Sheep to Sweater: Petaluma Adobe’s Sheep Shearing Day

How does wool come off sheep? How does raw wool turn into yarn? Come to the Petaluma Adobe State Historic Park between 11 a.m. and 1 p.m. on Saturday, April 9th and find out! The famous Adobe sheep will be losing their heavy winter coats under the expert guidance of shearer John Sanchez. After the sheep are sheared, you can have fun learning the first steps to a sweater, turning the raw wool into yarn. Volunteers will teach how to card and drop spin wool as rancho workers would have in the 1830’s.

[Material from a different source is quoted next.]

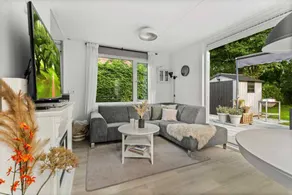 Holiday home in Baarland with fenced garden - Image 4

Docents will be on site to give guided tours, so bring a picnic and spend the day at the Petaluma Adobe State Historic Park.

The Petaluma Adobe served as the headquarters for General Mariano Guadalupe Vallejo’s 66,000 acre cattle rancho from 1836 to 1846. Over 3,000 sheep were raised during that time and sheep shearing was a necessary part of rancho life. The wool was turned into clothing, blankets and rugs and sent out to trade ships.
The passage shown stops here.